The full range of tests must be added with [MLINFSW-482] epic due to the lack of reordering kernels implemented in Acl.

Co-Authored-By: David Mansell <David.Mansell@arm.com>
Change-Id: I820d316295a1ec94fdc89c37e4144a268f914c36
Signed-off-by: Renato Arantes <renato.arantes@arm.com>
Reviewed-on: https://review.mlplatform.org/c/ml/ComputeLibrary/+/11169
Tested-by: Arm Jenkins <bsgcomp@arm.com>
Reviewed-by: Gunes Bayir <gunes.bayir@arm.com>
Comments-Addressed: Arm Jenkins <bsgcomp@arm.com>
Benchmark: Arm Jenkins <bsgcomp@arm.com>
diff --git a/docs/user_guide/operator_list.dox b/docs/user_guide/operator_list.dox
index 25c856d..36275e6 100644
--- a/docs/user_guide/operator_list.dox
+++ b/docs/user_guide/operator_list.dox
@@ -1,5 +1,5 @@
 ///
-/// Copyright (c) 2021-2023 Arm Limited.

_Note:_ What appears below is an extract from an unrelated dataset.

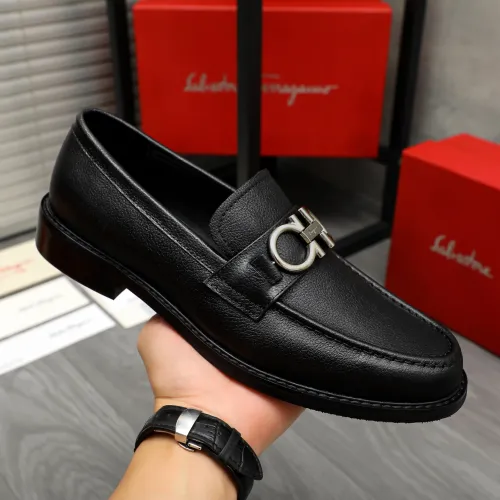 Replica Salvatore Ferragamo Leather Shoes For Men #1392087 $85.00 USD for Wholesale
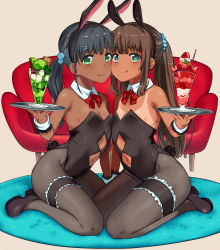 Rule 34 | 2girls, :q, animal ears, bare shoulders, black hair, black legwear, breasts, bridal garter, bright pupils, brown hair, cheek-to-cheek, child, clothing cutout, couch, dark-skinned female, dark skin, detached collar, fake animal ears, food, full body, green eyes, hai ookami, hair bobbles, hair ornament, hairband, hairclip, heads together, heart, heart-shaped pupils, highres, ice cream, leaning forward, leotard, looking at viewer, multiple girls, navel, navel cutout, original, pantyhose, playboy bunny, rabbit ears, rabbit tail, seiza, side ponytail, sitting, small breasts, sundae, symbol-shaped pupils, tail, tan, tanline, tongue, tongue out, tray, twintails, wrist cuffs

+/// Copyright (c) 2021-2023,2024 Arm Limited.
 ///
 /// SPDX-License-Identifier: MIT
 ///
@@ -2091,6 +2091,7 @@
     <tr><th>lhs<th>rhs<th>dst
     <tr><td>F32<td>F32<td>F32
     <tr><td>F16<td>F16<td>F16
+    <tr><td>BFLOAT16<td>BFLOAT16<td>BFLOAT16
     <tr><td>QASYMM8_SIGNED<td>QASYMM8_SIGNED<td>QASYMM8_SIGNED
     <tr><td>QASYMM8<td>QASYMM8<td>QASYMM8
     </table>
diff --git a/docs/user_guide/release_version_and_change_log.dox b/docs/user_guide/release_version_and_change_log.dox
index 2d46737..31b7560 100644
--- a/docs/user_guide/release_version_and_change_log.dox
+++ b/docs/user_guide/release_version_and_change_log.dox
@@ -42,10 +42,11 @@
 @section S2_2_changelog Changelog
 
 v24.04 Public major release
+ - Add Bfloat16 data type support for @ref NEMatMul.
  - Optimize start-up time of @ref NEConvolutionLayer for some input configurations where GeMM is selected as the convolution algorithm
  - Optimize @ref NEConvolutionLayer for input tensor size > 1e7 bytes and weight tensor height > 7
  - Performance optimizations:
-  - Optimize @ref NESoftmaxLayer for axis != 0 by natively supporting higher axes up to axis 3.
+   - Optimize @ref NESoftmaxLayer for axis != 0 by natively supporting higher axes up to axis 3.
 
 v24.02.1 Public patch release
  - Fix performance regression in fixed-format kernels